Crystel se encontraba sentada, con su baculo a su lado, mirando hacia el agua, completamente pensativa y algo melancolica por las cosas que habían pasado. En su mente, solo podía ver los recuerdos de lo que le había hecho Lothar Belphegus. Aquella lamentable traición.

No se dio cuenta, peto Rhonda du Cohen fue con ella.

-Hola Crystel -dijo la hermana de Sylvia.

-Rhonda.

Las dos se sentaron.

-Yo… No entiendo por que sigo con vida. Ya no se que hacer con mi vida.

-Lamento mucho lo que paso entre tu y Lothar Belphegus -afirmo Rhonda-. Pero quiero que sepas que se lo horrible que es que aquellos que pensabas eran tus camaradas te traicionaron.

-¡Vaya consuelo! -dijo Crystel con sarcasmo.

-Crystel, mi hermana y los Caballeros del Futuro no guardan rencor; después de todo, te salvaron a pesar de todo lo que ha pasado -contino Rhonda-. Y tienen la sabiduría para ayudarte, como lo hicieron conmigo.

-¿Y después que Rhonda?

-Ya te lo dije antes, eres muy fuerte, no necesitas a Lothar Belphegus. Lo que necesitas es una guía… tiempo… Y adquirir tu propia confianza. ¿No crees que ya es hora de que te des esa oportunidad?

Luego la cara de Crystel se llenó de gran tristeza, y sus brazos empezaron a temblar.

-Lo siento Rhonda… ¡Estoy muy asustada! Es la primera vez que siento este terrible miedo.

-Pero siempre sere tu amiga.

-¿De veras Rhonda? ¡Por favor! ¡Ahora tu amistad es todo lo que tengo!

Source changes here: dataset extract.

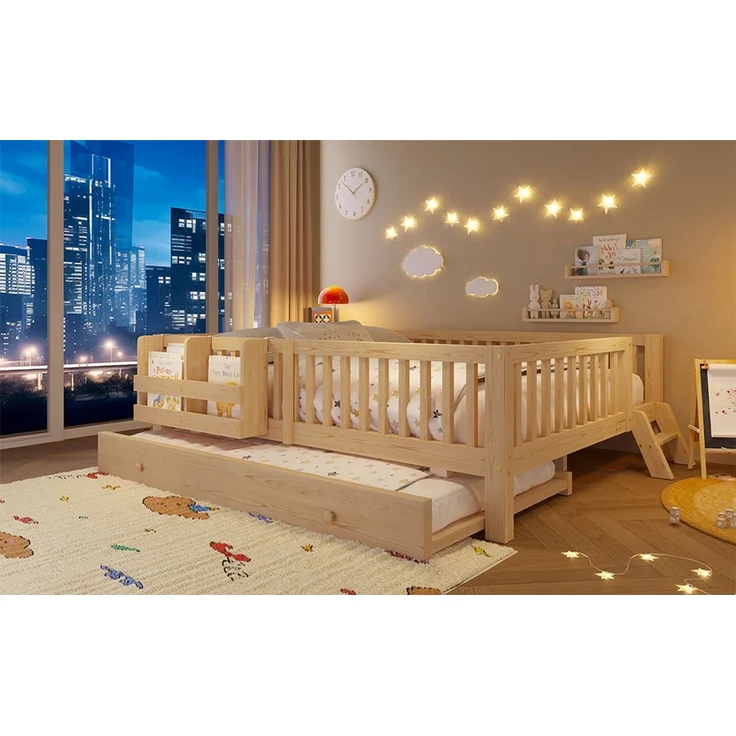 ZUBALIYA Holzbett 140 x 200 cm – Ausziehbett, flexible Montage, Geländer, MDF, Kiefer, Holzfarbe – Bild 8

-Sabes que si. No tengas miedo; tienes a alguien que ha pasado por ese duro camino. ¡Ahora es mi turno de dar algo a cambio!

Crystel no pudo evitar abrazar a Rhonda, aun cuando su cuerpo estaba temblando de miedo.

 

-¿Cómo pude ser tan tonta? ¡Incluso tuve relaciones con ese desgraciado! ¡Me acosté con el hombre que mato a mis padres!